▸ **Data excerpt**
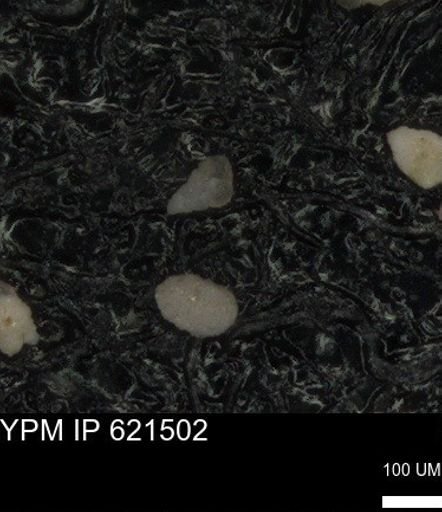 undet. Heterohelicidae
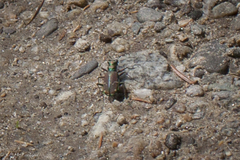 Cicindela limbalis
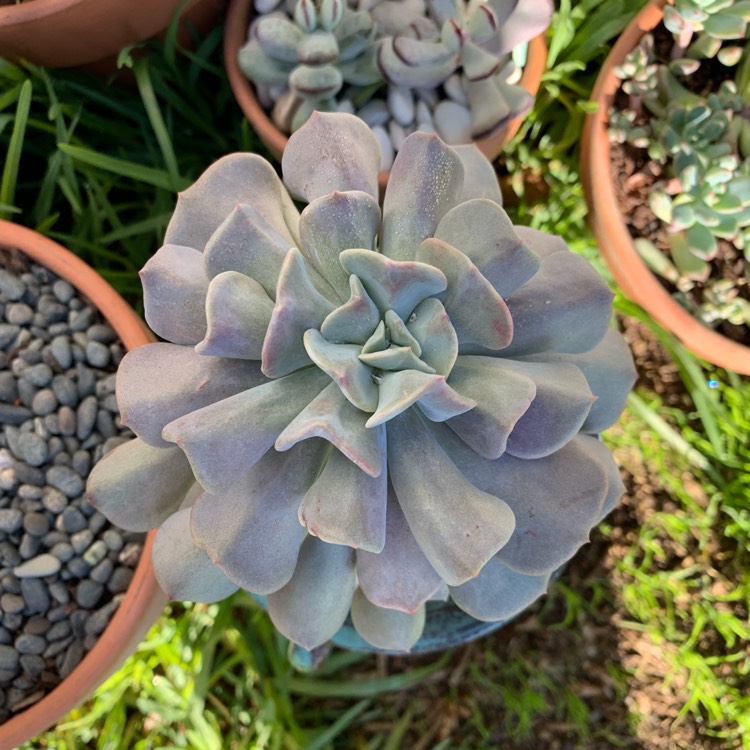 plant image 1072043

▸ **Task goal**
Each line above must be repeated exactly in the answer, with pictures omitted.

▸ **Task output**
 undet. Heterohelicidae
 Cicindela limbalis
 plant image 1072043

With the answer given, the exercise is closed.